Автобус остановился, и Линда твердо решила держаться подальше. В ресторане она просто найдет свободное место и, представившись, подсядет к незнакомому человеку. Но, выходя из автобуса, она увидела Томаса, ожидавшего ее у двери.
Каким-то образом он ухитрился устроиться с ней отдельно от других. Это было небольшое и, возможно, настоящее французское бистро. Участников фестиваля разместили в узком зале с двумя длинными столами и скамьями по бокам. Линда и Томас сели в ближайшем к дверям углу, и это тоже было характерно для человека, которого она помнила, - человека, который всегда искал легких путей к отступлению. Она отметила, что бумажная скатерть, уже покрытая пятнами-полумесяцами красного вина, не закрывала всего стола. Томас вертел в руках свою ручку. В помещении была ужасная акустика, и ей казалось, что она тонет в море голосов, невразумительных слов. Из-за этого им пришлось заговорщически склониться друг к другу, чтобы поговорить.
- Похоже, это всплеск интереса к поэзии, не так ли?
- Но не возрождение, - ответила она через мгновение.
- Мне сказали, нас здесь десятеро. Из общего списка в шестьдесят человек. Похоже, это рекорд.
- За границей с этим получше.
- Ты в курсе? Ездила на фестивали за границу?
- Изредка.
- Значит, ты какое-то время была на виду.
- Едва ли. - Колкость ее задела. Она слегка отодвинулась.
Он склонился ближе и оторвал глаза от своей ручки.
- Ты слишком много пытаешься сделать в своих стихах. Истории нужно рассказывать, как истории. Твоим читателям это понравилось бы.
- Моим читателям?
- Твои стихи популярны. Ты должна знать своих читателей.

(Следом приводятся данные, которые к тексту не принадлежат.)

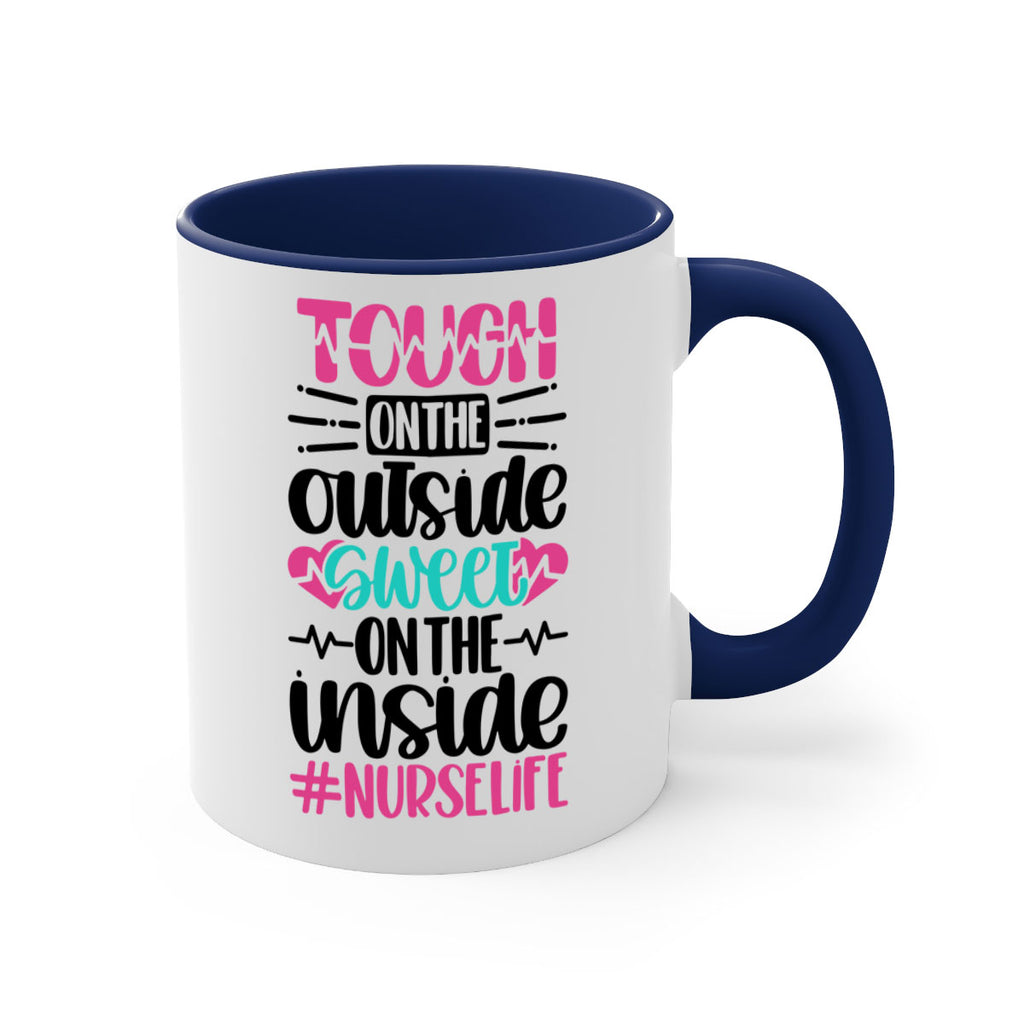 Tough On The Outside Style Style 15#- nurse-Mug / Coffee Cup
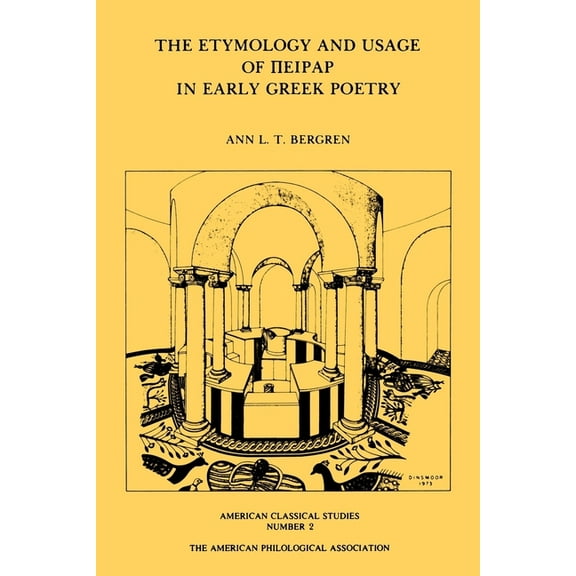 Society for Classical Studies American C The Etymology and Usage of Peirar in Early Greek Poetry: A Study in the Interrelationship of Metrics, Linguistics and Po, Book 2, (Paperback)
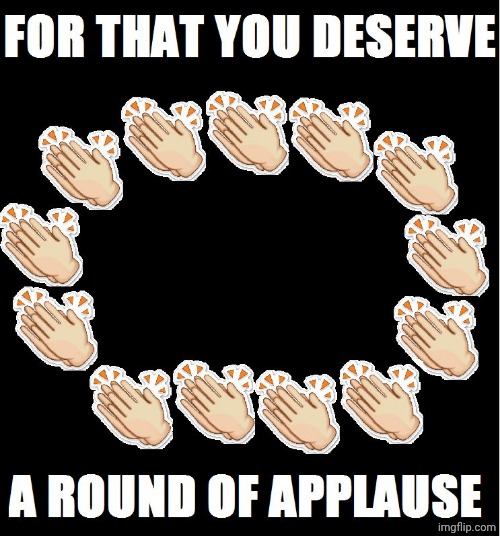 A Round of Applause | image tagged in a round of applause | made w/ Imgflip meme maker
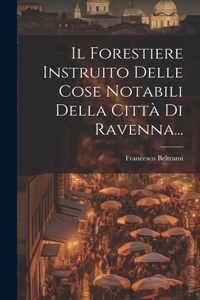 Forestiere Instruito Delle Cose Notabili Della Città Di Ravenna...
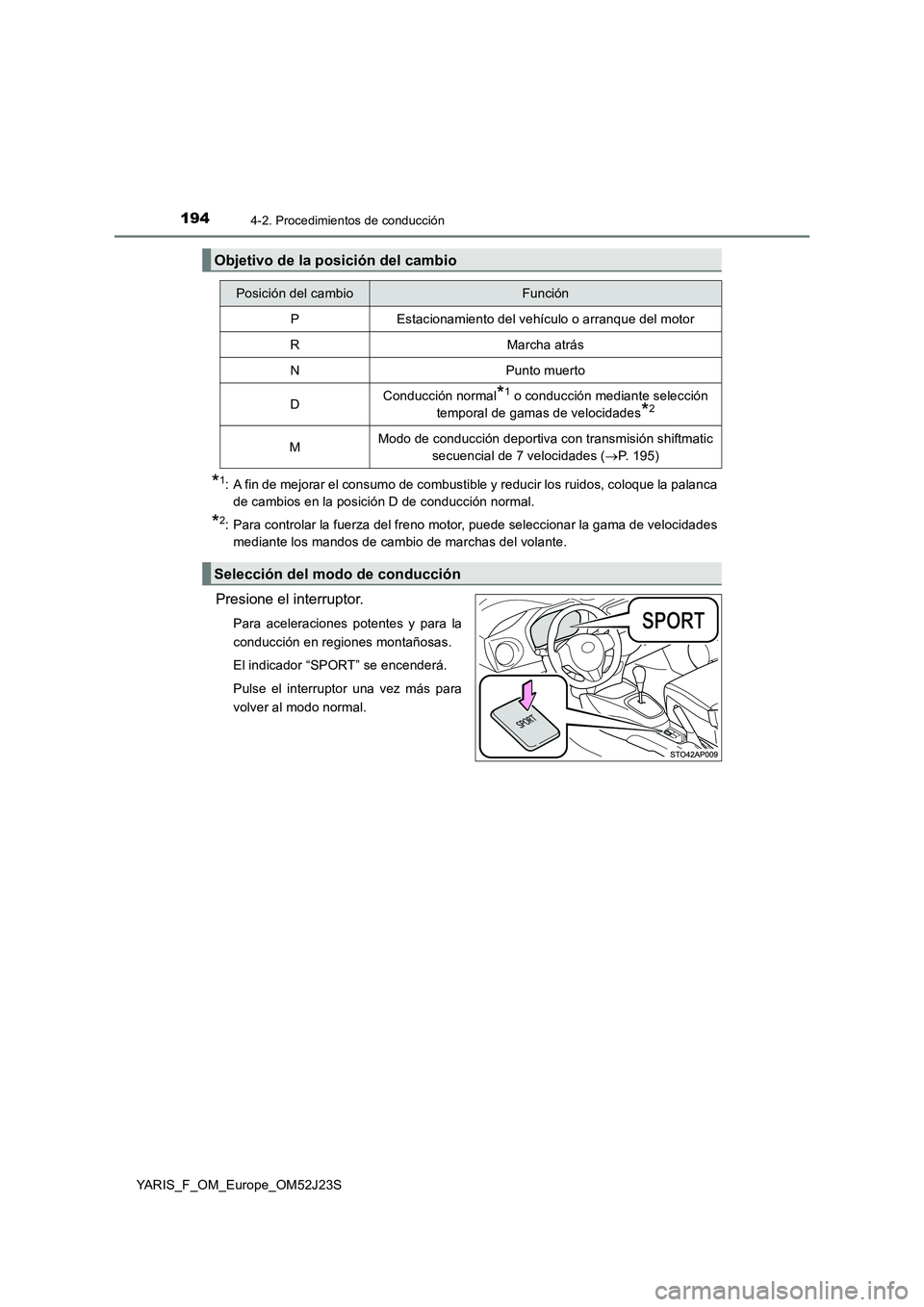 TOYOTA YARIS 2017 Manuale de Empleo (in Spanish) 1944-2. Procedimientos de conducción
YARIS_F_OM_Europe_OM52J23S
*1: A fin de mejorar el consumo de combustible y reducir los ruidos, coloque la palanca
de cambios en la posición D de conducción no TOYOTA YARIS 2017 Manuale de Empleo (in Spanish) 1944-2. Procedimientos de conducción
YARIS_F_OM_Europe_OM52J23S
*1: A fin de mejorar el consumo de combustible y reducir los ruidos, coloque la palanca
de cambios en la posición D de conducción no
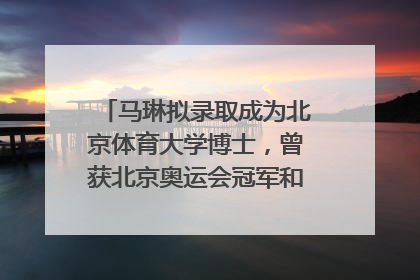 马琳拟录取成为北京体育大学博士，曾获北京奥运会冠军和4次世界杯冠军，张继科：他是神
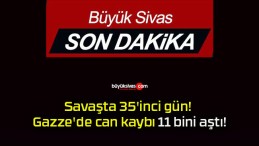 Savaşta 35’inci gün! Gazze’de can kaybı 11 bini aştı!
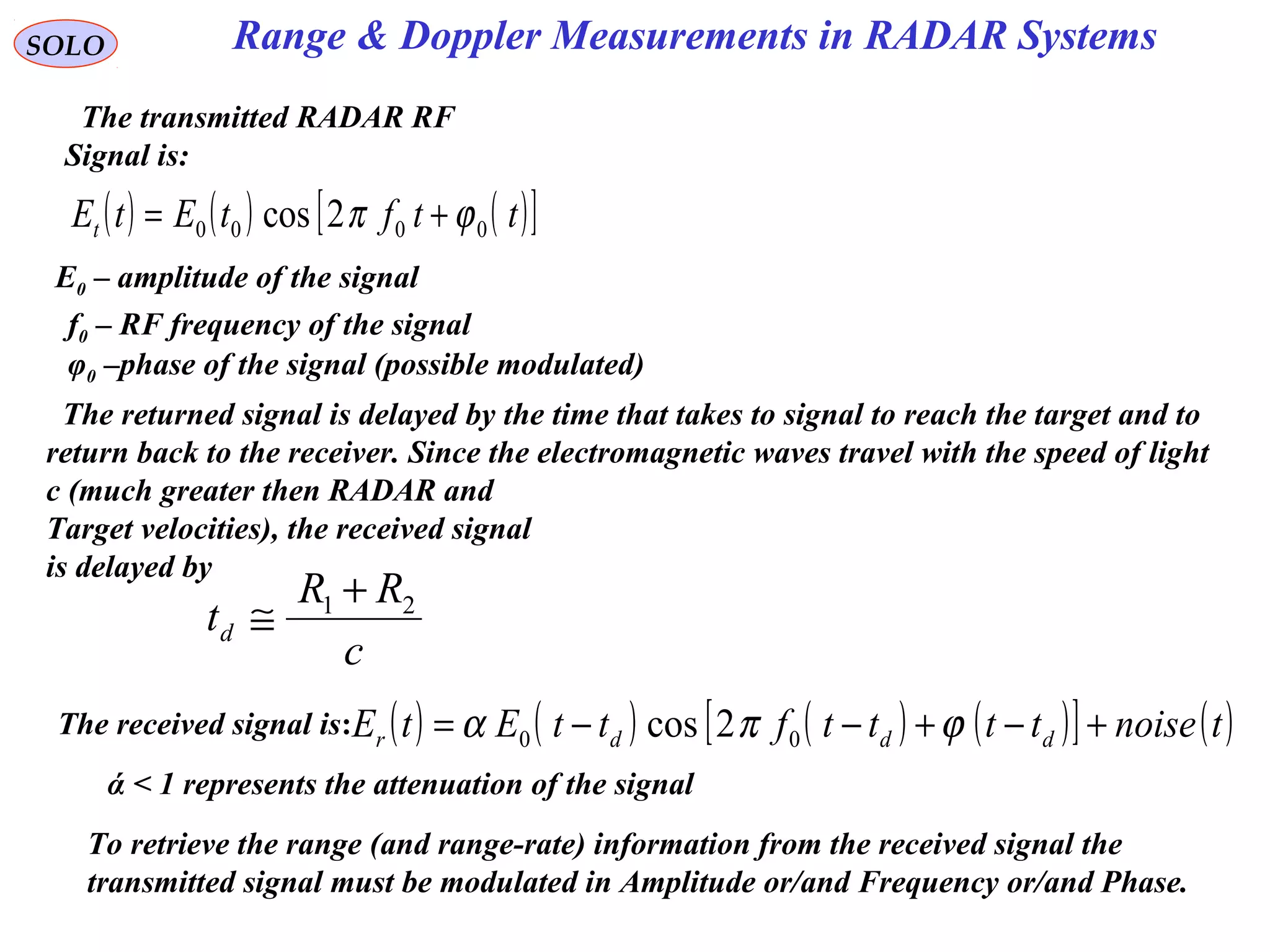 Range & Doppler Measurements in RADAR SystemsSOLO
The transmitted RADAR RF
Signal is:
( ) ( ) ( )[ ]ttftEtEt 0000 2cos ϕπ +=
E0 – amplitude of the signal
f0 – RF frequency of the signal
φ0 –phase of the signal (possible modulated)
The returned signal is delayed by the time that takes to signal to reach the target and to
return back to the receiver. Since the electromagnetic waves travel with the speed of light
c (much greater then RADAR and
Target velocities), the received signal
is delayed by
c
RR
td
21 +
≅
The received signal is: ( ) ( ) ( ) ( )[ ] ( )tnoisettttfttEtE dddr +−+−−= ϕπα 00 2cos
To retrieve the range (and range-rate) information from the received signal the
transmitted signal must be modulated in Amplitude or/and Frequency or/and Phase.
ά < 1 represents the attenuation of the signal
 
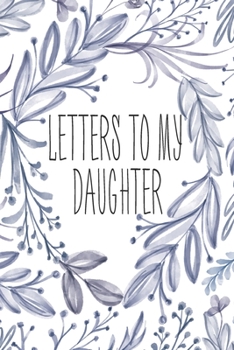 Paperback Letters To My Daughter: Blank Lined Notebook To Write In Book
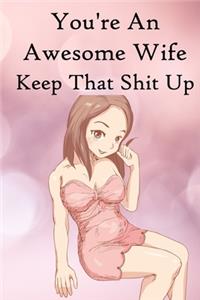 You're an Awesome Wife. Keep That Shit Up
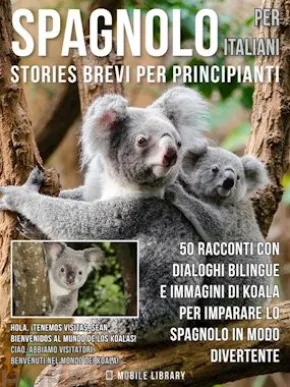 Spagnolo Per Italiani (Stories Brevi Per Principianti)
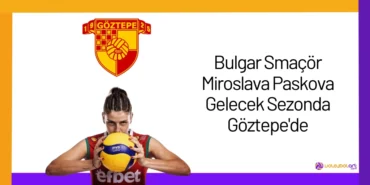 Bulgar Smaçör Miroslava Paskova Gelecek Sezonda Göztepe'de24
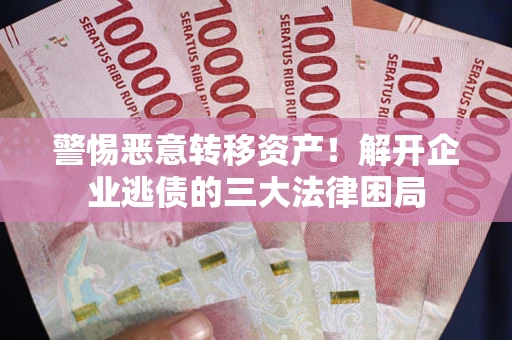 济南警惕恶意转移资产！解开企业逃债的三大法律困局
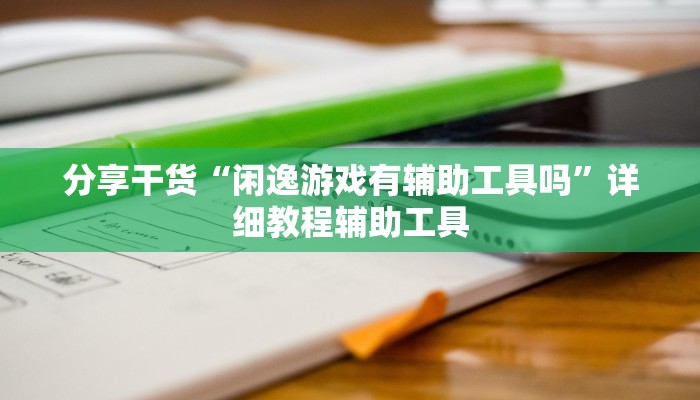 分享干货“闲逸游戏有辅助工具吗”详细教程辅助工具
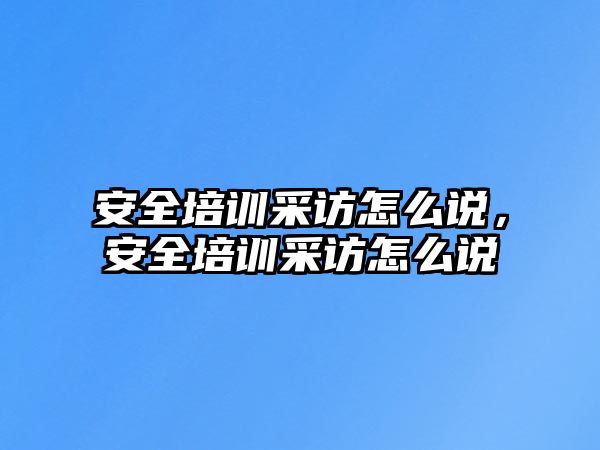 安全培訓(xùn)采訪怎么說，安全培訓(xùn)采訪怎么說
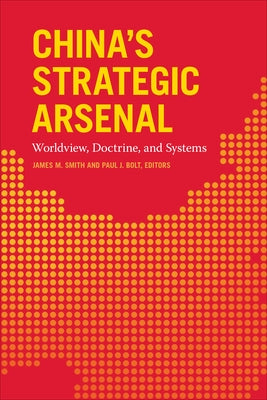 China's Strategic Arsenal: Worldview, Doctrine, and Systems Paperback Georgetown University Press
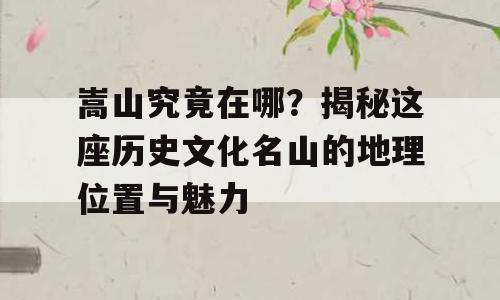 嵩山究竟在哪？揭秘这座历史文化名山的地理位置与魅力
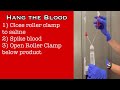 Blood transfusion: Setup and Transfusion (Primary Y Type Tubing)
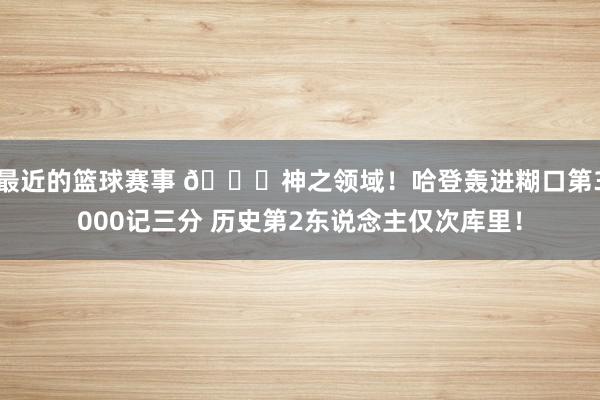 最近的篮球赛事 😀神之领域！哈登轰进糊口第3000记三分 历史第2东说念主仅次库里！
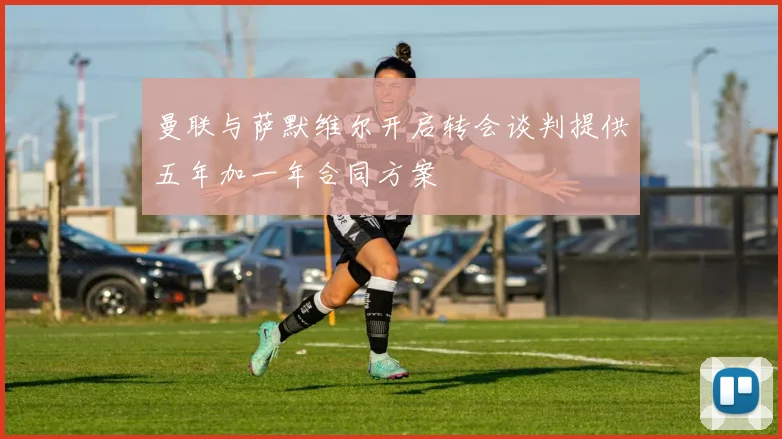 曼联与萨默维尔开启转会谈判提供五年加一年合同方案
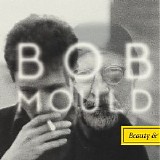Bob Mould - Beauty & Ruin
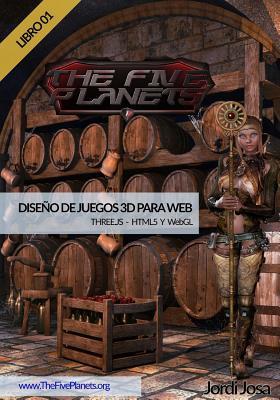 Diseño de juegos 3D para web - Libro 01: THREE.JS - HTML5 y WEBGL (Spanish Edition)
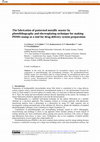 Research paper thumbnail of The fabrication of patterned metallic master by photolithography and electroplating technique for making PDMS-stamp as a tool for drug delivery system preparation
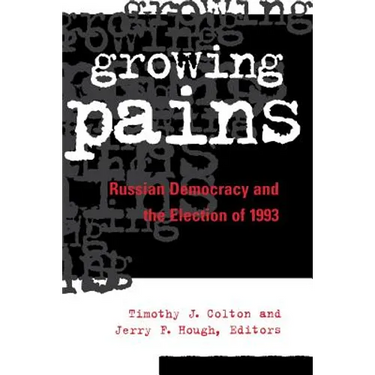 Growing Pains: Russian Democracy and the Election of 1993
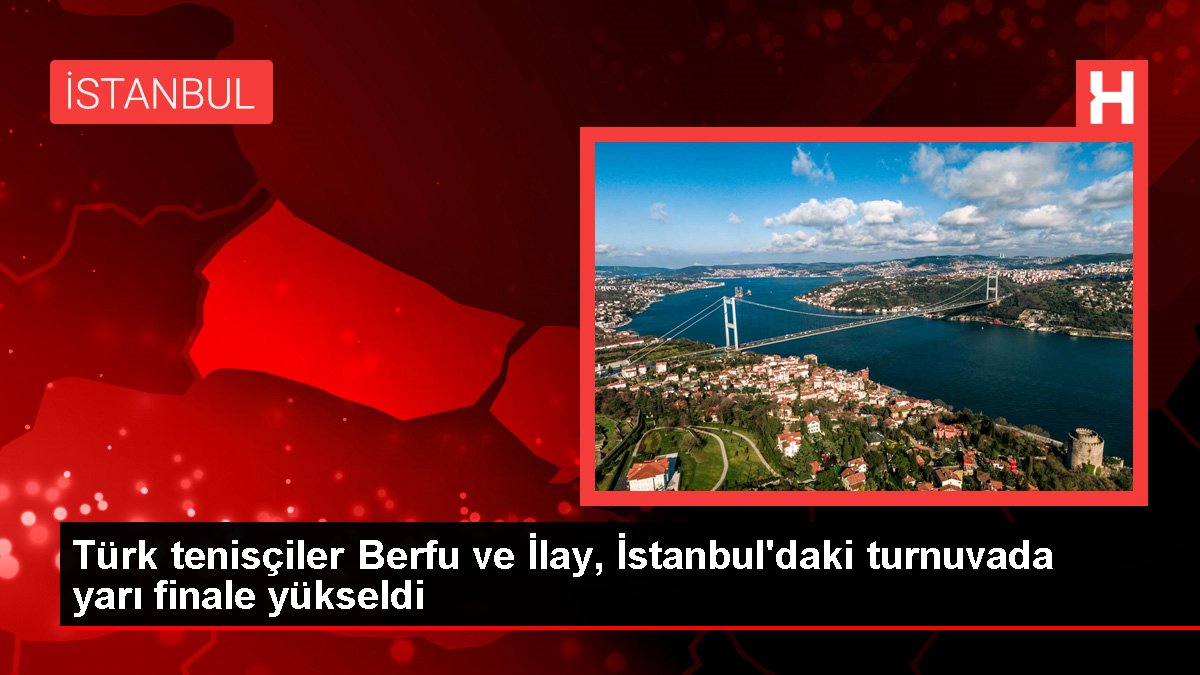 Türk tenisçiler Berfu ve İlay, İstanbul'daki turnuvada yarı finale yükseldi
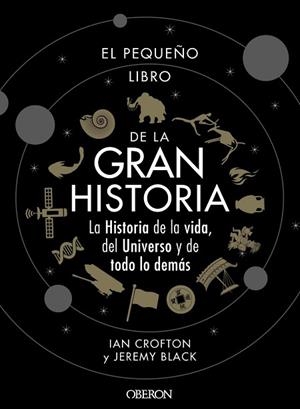 EL PEQUEÑO LIBRO DE LA GRAN HISTORIA | 9788441542549 | CROFTON, IAN/BLACK, JEREMY | Llibres Parcir | Librería Parcir | Librería online de Manresa | Comprar libros en catalán y castellano online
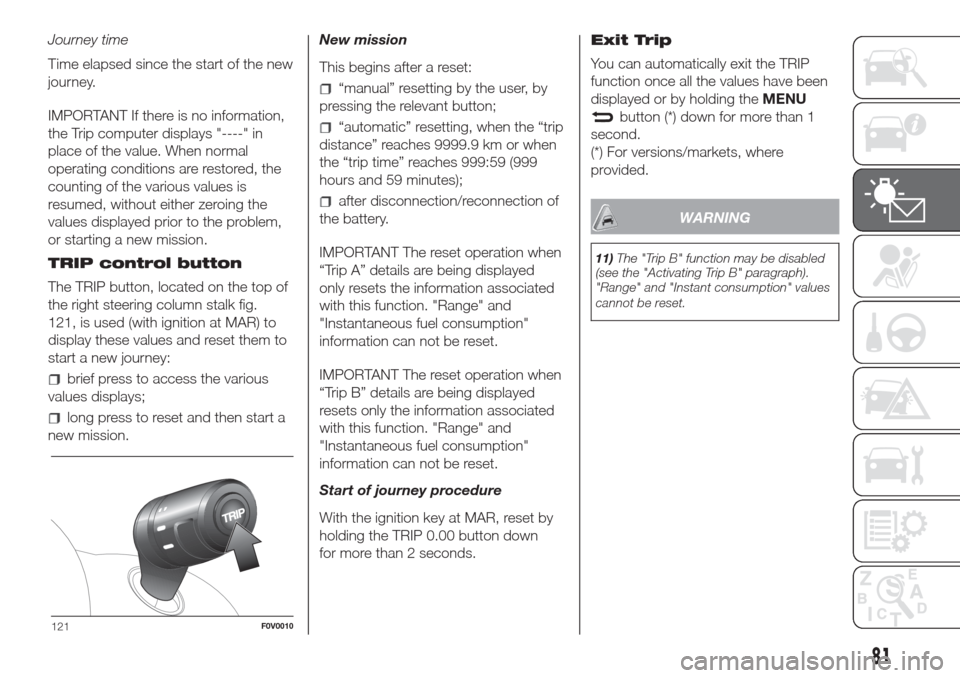 FIAT DOBLO COMBI 2017 2.G Owners Manual Journey time
Time elapsed since the start of the new
journey.
IMPORTANT If there is no information,
the Trip computer displays "----" in
place of the value. When normal
operating conditions are restor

Она промолчала, ужаленная скрытой критикой.
- В глубине души я считаю, что ты романист, - проговорил он.
Линда отвернулась. "Вот ведь наглец", - подумала она. Мелькнула мысль встать и выйти, но таким театральным жестом она показала бы свою уязвимость, напомнила ему о других театральных жестах.
- Я обидел тебя. - К его чести, у него был виноватый вид.
- Нет, конечно, - солгала она.
- Тебе не нужен я или кто-то другой, чтобы ты знала себе цену.
- Действительно, не нужен.
- Ты прекрасно пишешь в любой форме.
Он и сам верил в этот комплимент. Даже не считал его комплиментом.
Еду принесли на таких больших тарелках, что на столе все пришлось переставлять. "Для чего вообще нужны такие огромные тарелки, - подумала Линда, - если они только уменьшают размеры самой еды: курица по-индонезийски у нее и лосось с отметинами от гриля у Томаса". Возвращаясь из бара с красными глазами, Роберт Сизек натолкнулся на стол, бокалы с водой и вином покачнулись. Линда видела скрытые, да и прямо направленные на них взгляды. Какое такое преимущественное право могла иметь Линда Фэллон на Томаса Джейнса?
Томас откусил немного лосося и вытер губы, безразличный к еде, и она поняла, что и в этом он не изменился: через полчаса не сможет и вспомнить, что ел.
- Ты по-прежнему католичка? - спросил он, глядя на треугольный вырез ее блузки цвета слоновой кости. Это была своего рода униформа - блузы из похожей на шелк ткани, узкие юбки. В отделениях ее чемодана лежали по три единицы каждого предмета. - Ты не носишь креста.